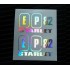 EP82 STARLET x2 Pair Silver Hologram Neo Mirror Chrome Car Window Bumper Stickers Decals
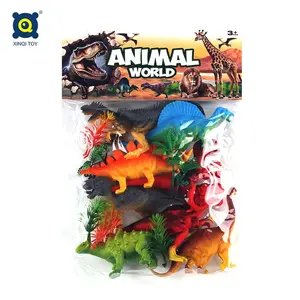 Shantou 장난감 공장 뜨거운 판매 어린이 감각 퍼즐 동물 모델 장난감 시뮬레이션 쥬라기 공원 공룡 모델 완구
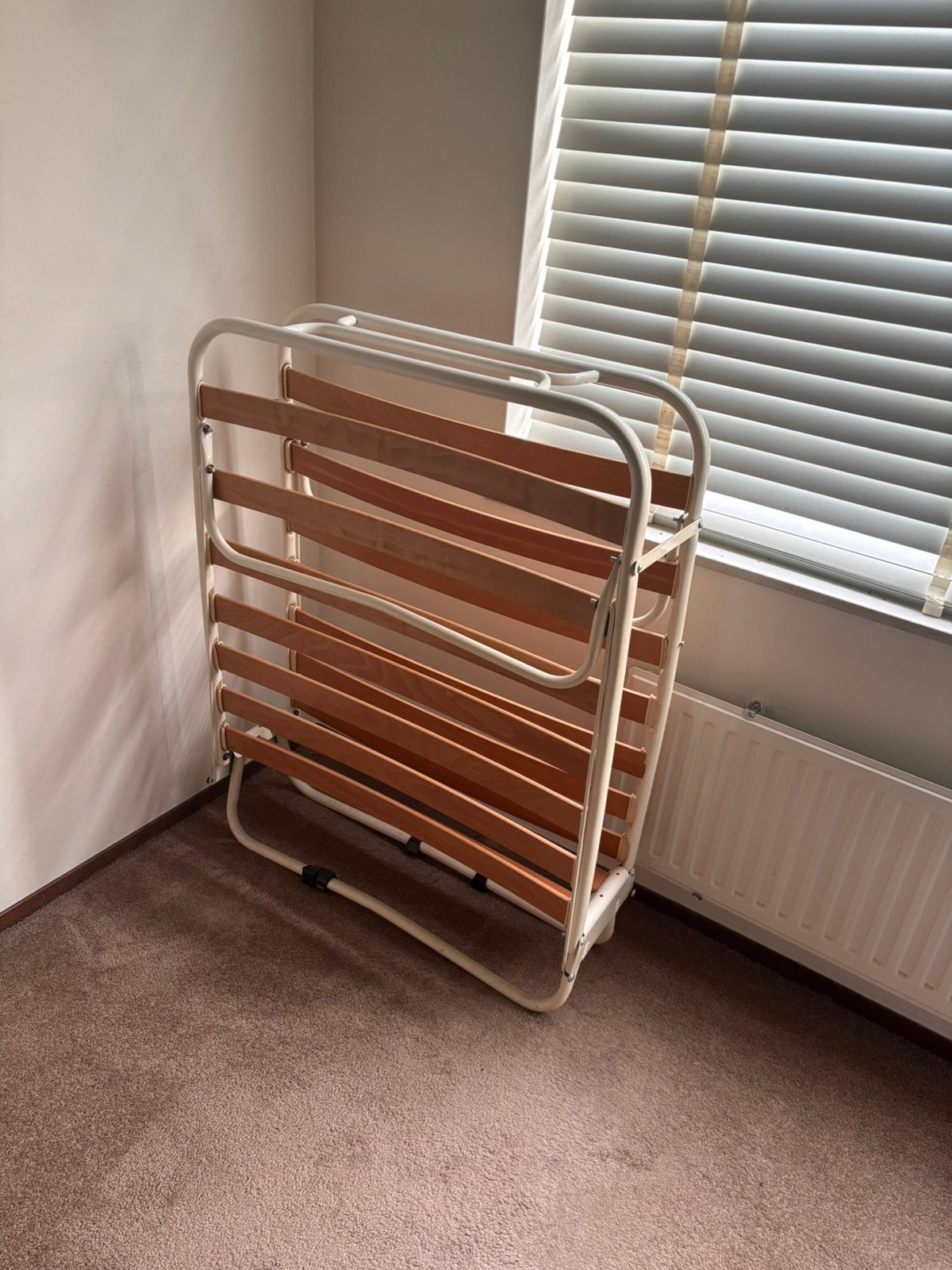 Opklap bed vouwbed, Gebruikt, 90 cm, Eenpersoons, Ophalen of Verzenden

▶ Exercise brief
Copy out the listing exactly as it stands, but not the pictures.

▶ Answer to the exercise
 EP82 STARLET x2 Pair Silver Hologram Neo Mirror Chrome Car Window Bumper Stickers Decals
 Shantou 장난감 공장 뜨거운 판매 어린이 감각 퍼즐 동물 모델 장난감 시뮬레이션 쥬라기 공원 공룡 모델 완구
 Opklap bed vouwbed, Gebruikt, 90 cm, Eenpersoons, Ophalen of Verzenden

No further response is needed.